As part of the Big Data Lecture Series -- Fall 2012, Google’s Chris Olston gave a talk on how to manage processing of large data sets. In this talk he gives an overview of his work on large-scale data processing at Yahoo! Research. He begins his talk by introducing two data processing systems: Pig, a dataflow programming environment and Hadoop-based runtime, and Nova, a workflow manager for Pig/Hadoop. Rest of the talk focuses on debugging, and looks at what can be done before, during and after execution of a data processing operation.
For most of the Internet companies such as Google/Yahoo, their entire infrastructure can be represented as a pipeline with three layers: Ingestion, Storage & Processing, and Serving. The most complex and important among the three is the Storage & Processing layer. This layer can be represented as a multi sublayer stack with a scalable file system such as GFS at the bottom, a framework for distributed sorting and hashing (Map-Reduce) over the filesystem layer, a dataflow programming framework over the map-reduce layer and a workflow manager at the top. This talk mostly focuses on the top two layers.
Pig is a high level dataflow language on top of map-reduce, used at Yahoo and many other companies.
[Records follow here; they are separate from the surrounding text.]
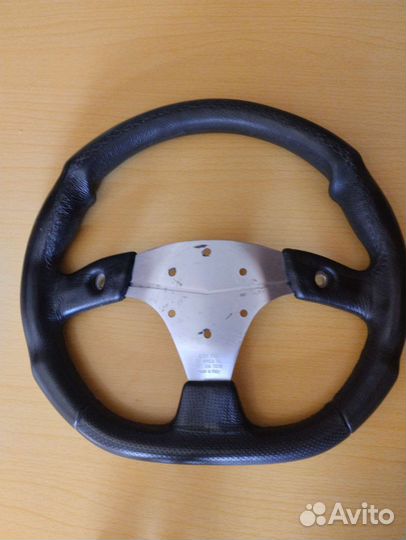 Руль для автомобиля спортивный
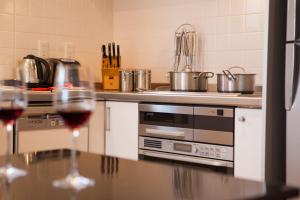 Una copa de vino sobre una mesa en una cocina. en Powder Haven, en Kutchan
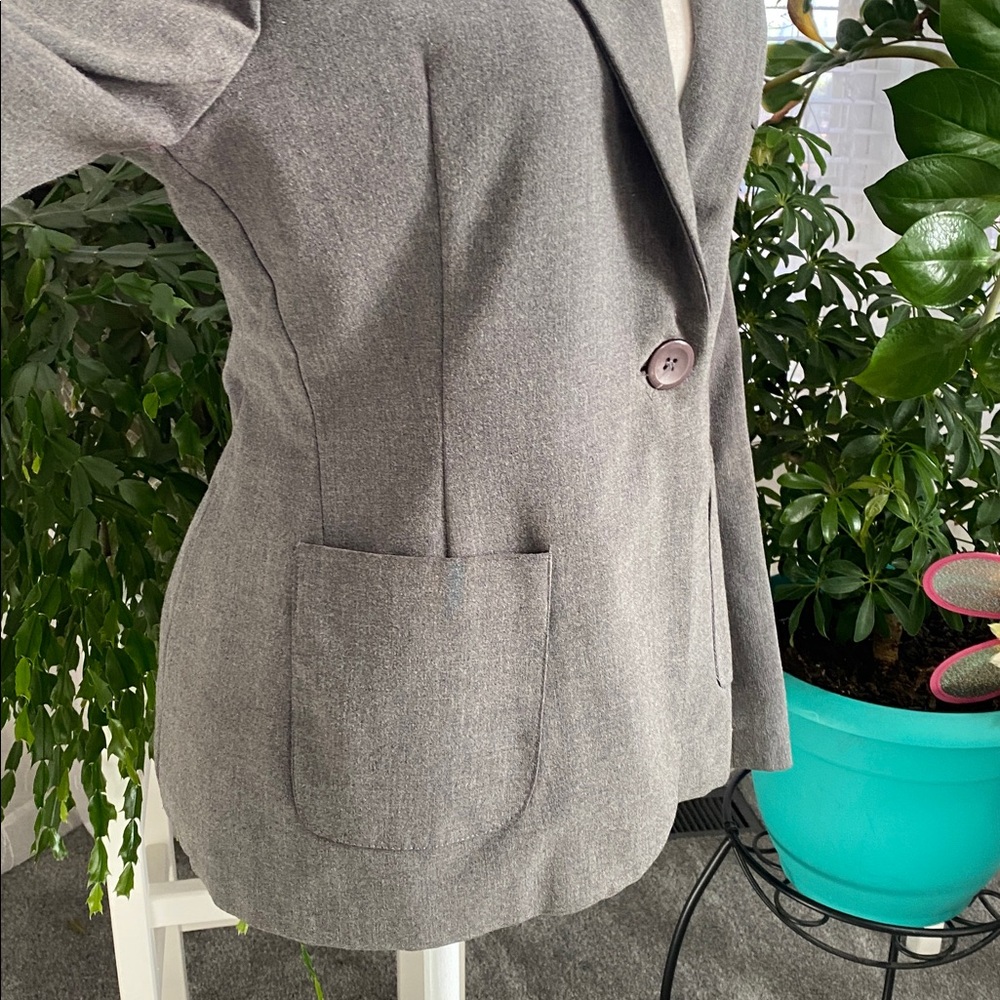 ❌SOLD❌Not Forever Gray Single Button Fitted Blazer Jacket Split Tail - Picture 10 of 17
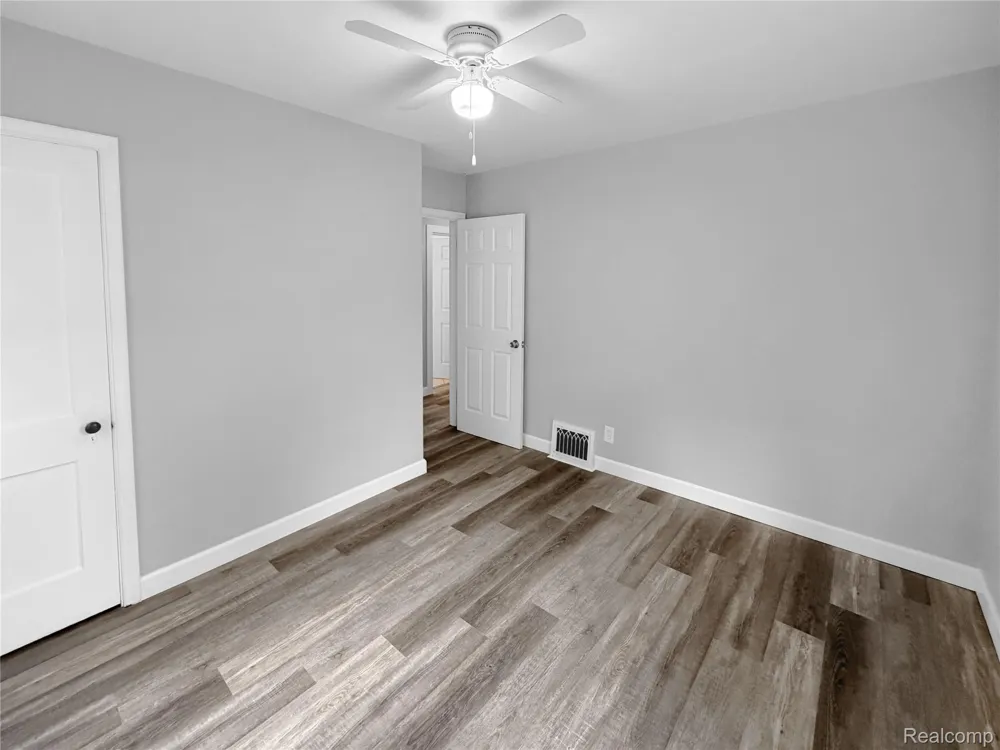 1380 Audrey Street Burton City, MI 48509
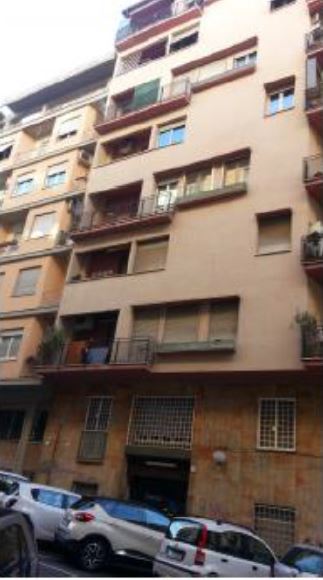 Immobile Residenziale, sito in Roma Via Maestro Gaetano Capocci 11. DESCRIZIONE UNITA' PRINCIPALE: Appartamento composto da ingresso, disimpegno, locale di servizio con WC, cucina abitabile con balcone, bagno, 3 camere di cui 2 con balcone comunicante. Identificativi Catastali [N.C.E.U.]: Unità Residenziale cat. A/3 foglio 562 part. 135 sub 10. STATO:Libero. Piena Proprietà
Pig has a high level imperative syntax and is designed to make it easy for programmers to build complex pipelines. Programmers prefer breaking a bigger data processing task into smaller pipes and gluing them. Pig is designed for that. Experimental data shows that on an average a 3300 lines of map-reduce code can be written in a 200 lines of Pig code. Furthermore, what takes 4000 minutes to code in map-reduce, on an average takes only 160 minutes in Pig. There are debugging tools like Illustrate which generates examples and allows users to interactively debug the output at different points in the pipeline. It is used before running a Pig job to get a feel for what it will do, enabling certain kinds of mistakes to be caught early and cheaply. The algorithm behind the example generator performs a combination of sampling and synthesis to balance several key factors -- realism, conciseness and completeness, of the example data it produces.
Nova is a workflow manager on top of Pig. A workflow manager is important in the sense that large scale data processing is continuous in nature and thus there is a requirement to incorporate that in scheduling of workflow modules. Nova abstracts the new continuous data (logs, number of user clicks) in a way that the static processing layer (Pig/Map-Reduce) can refer to the dynamic data as they come in. It provides a high level abstraction to schedule different workflow-modules (at different rates) and define dependencies between the modules.
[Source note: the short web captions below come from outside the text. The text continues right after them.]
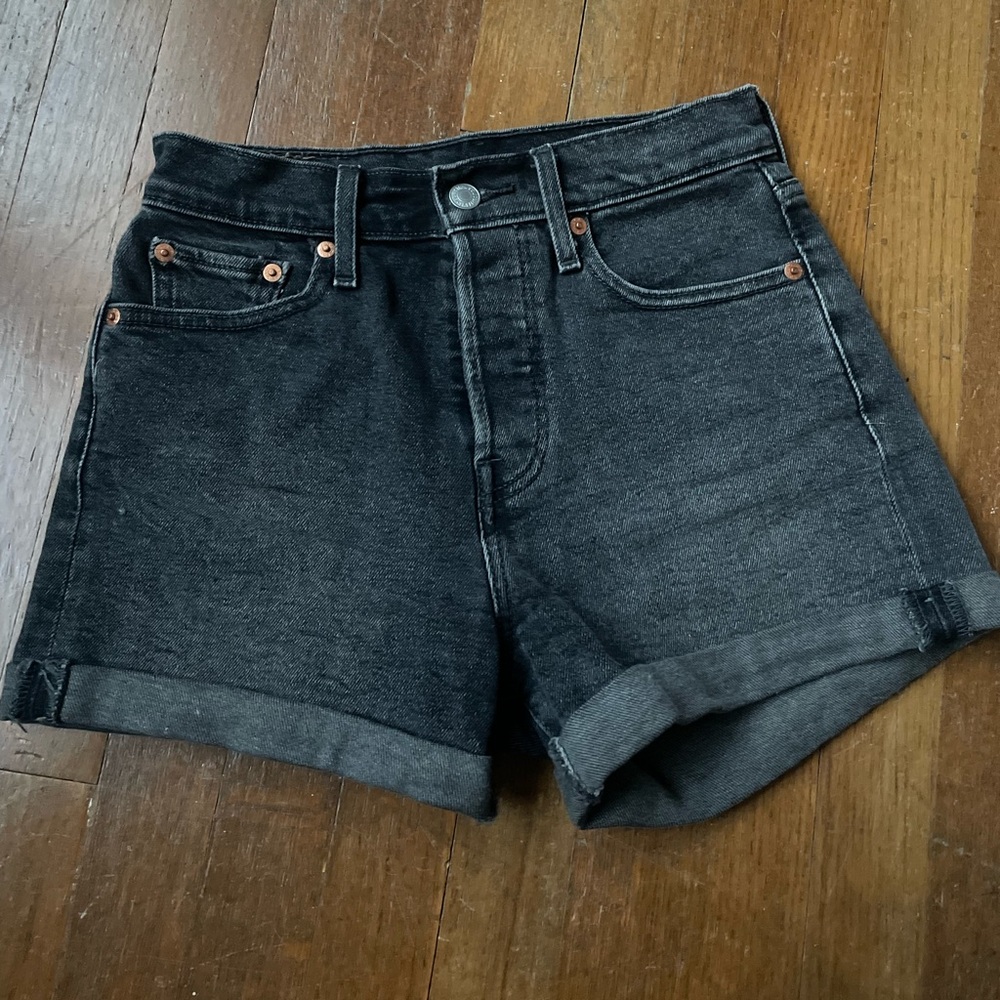 Levi’s Black/gray Denim Women's Shorts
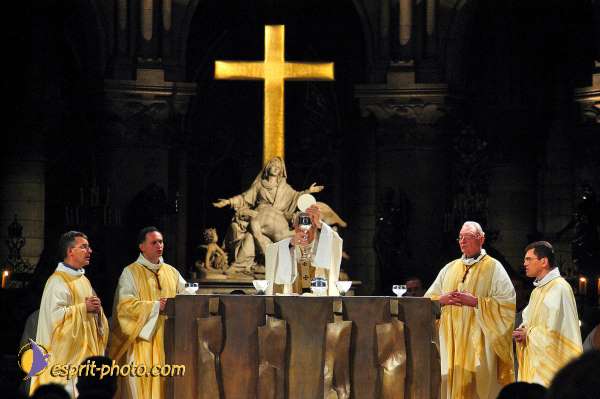 Nom de l'image : D1204217-1 — Description :  Lancement de JMJ 2005 de Cologne à ND de Paris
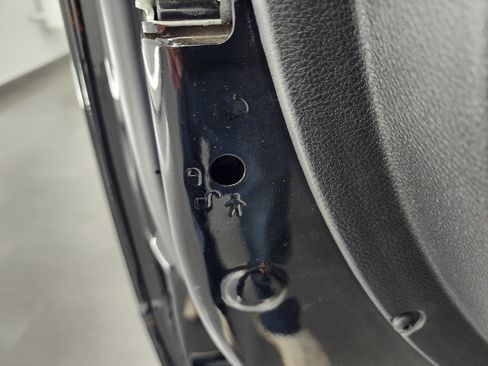 Used 2024 RAM 3500 Big Horn w/ Night Edition image 39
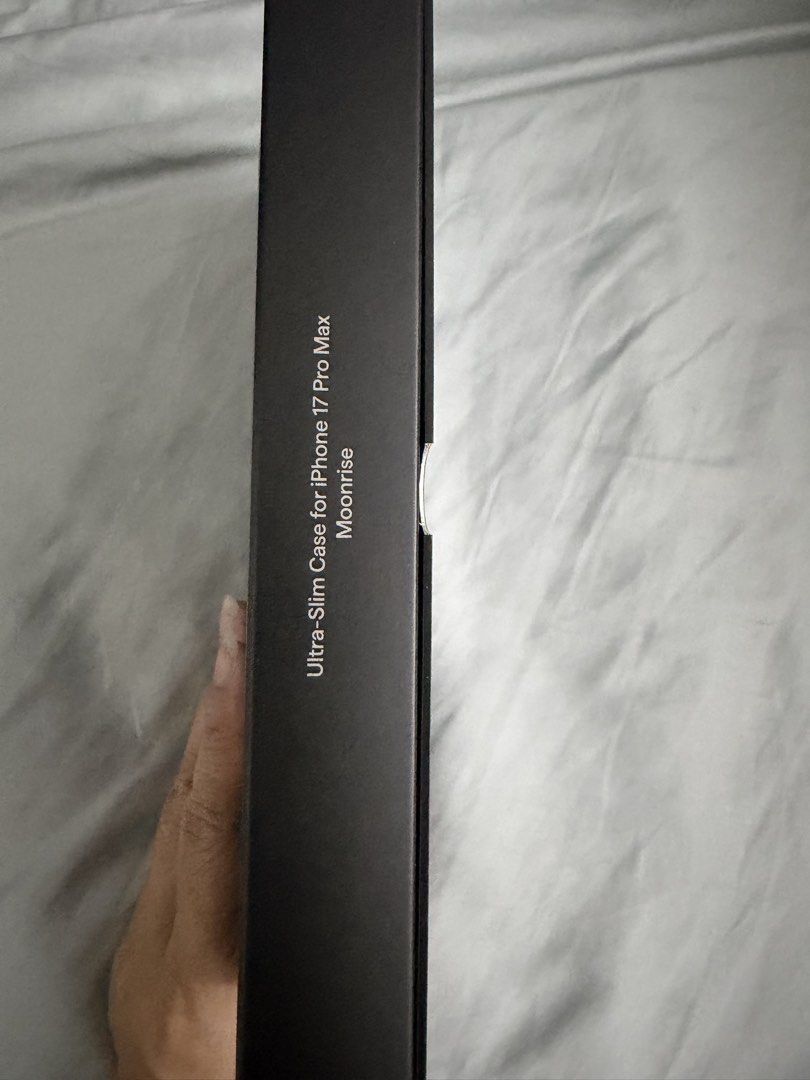 Pre-loved Pitaka Ultra Slim Case for iPhone 17 Pro Max (Category: Cases & Sleeves) located in San Pedro. Submitted by youronlineukay (Listing ID 1469033263, Image 3). Description: Pre-loved Pitaka Ultra Slim case for iPhone 17 Pro Max Mag safe Bought online for Php3,500+.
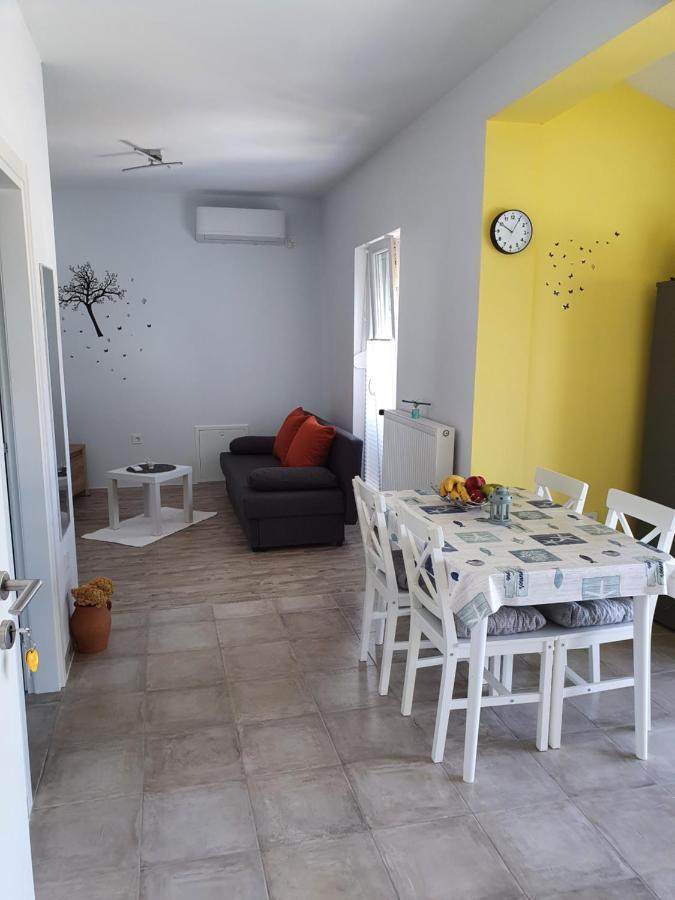 דירות Brzac Apartman Luce מראה חיצוני תמונה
One of the challenging problems is debugging because data passes through many subsystems, each having different query interface, different metadata representation, different underlying models (some have files, some have records, some have workflow), etc.. It is extremely difficult to maintain consistency and thus it is essential to factor out the debugging from the subsystems. “Ibis” is an independent system that takes care of all the metadata management. All data processing subsystems ship their metadata to Ibis which ingests all the metadata, integrates them and exposes a query interface for all metadata queries. It provides a uniform view to users, factors out the metadata management code and decouples metadata lifetime from data/subsystem lifetime.
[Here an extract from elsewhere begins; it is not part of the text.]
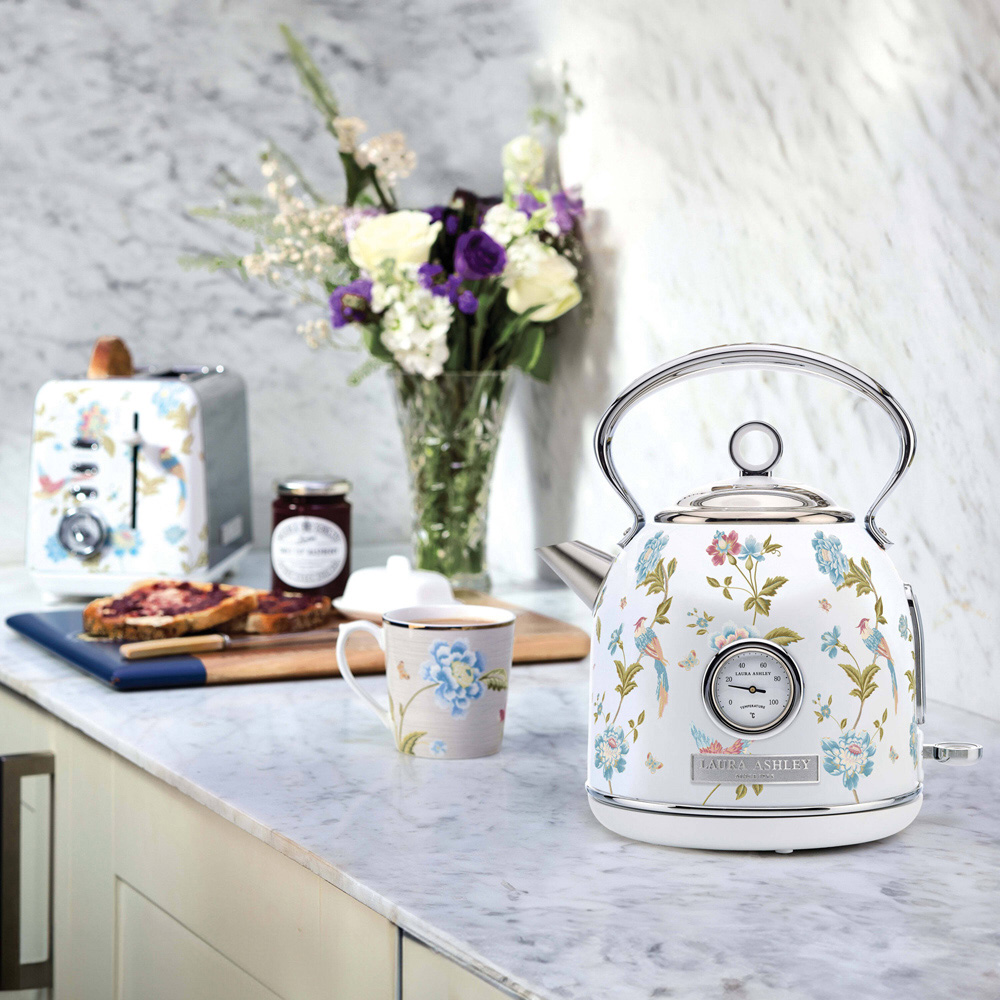 Laura Ashley Elveden White 1.7L Dome Kettle 3000W Image 7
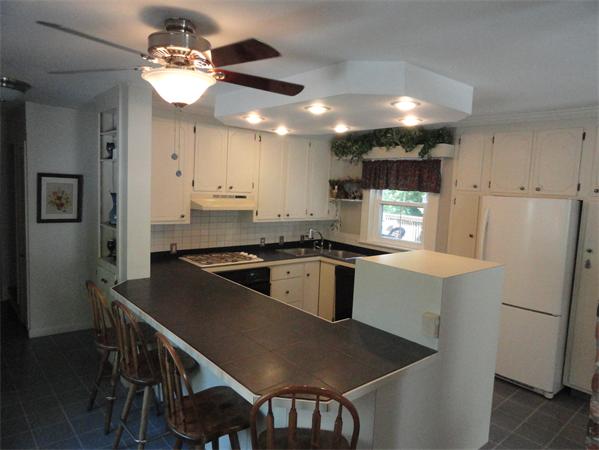 103 Paxton Road Spencer, MA 01562 - Photo 5 of 30 Gallery Image 5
The one other challenging problem is to deal with different data and process granularity. Data granularity can vary from a web page, to a table, to a row, to a cell. Process granularity can vary from a workflow, to a pig script, to a pig job, to a map-reduce program, to a map-reduce task. It’s very hard to make an inference when the given relationship is in one granularity and the query is in other granularity and thus it’s important to capture provenance data across the workflow. While there is no one-size fit all solution, a good approach could be to use finest granularity at all levels but it has a lot of overhead and thus some smart domain specific techniques need to be employed.
Inspector Gadget and RubySky are tools designed to help programmers debug the workflow during the run time. The Inspector Gadget rewrites a pig script by inserting special UDFs that looks like no-ops to Pig. These special functions look at the data as they flow and coordinate to analyze different behaviors such as crash culprit, row level integrity etc.. Since not all of the the behaviors can be analyzed with Inspector Gadget, RubySky is used which is a scripting framework with built-in debugging support.
To conclude, this talk gives an overview of Olston’s work on large-scale data processing at Yahoo! Research. It introduces two data processing systems: Pig and Nova, elaborates on managing workflow, debugging, and looks at what can be done before, during and after execution of a data processing operation.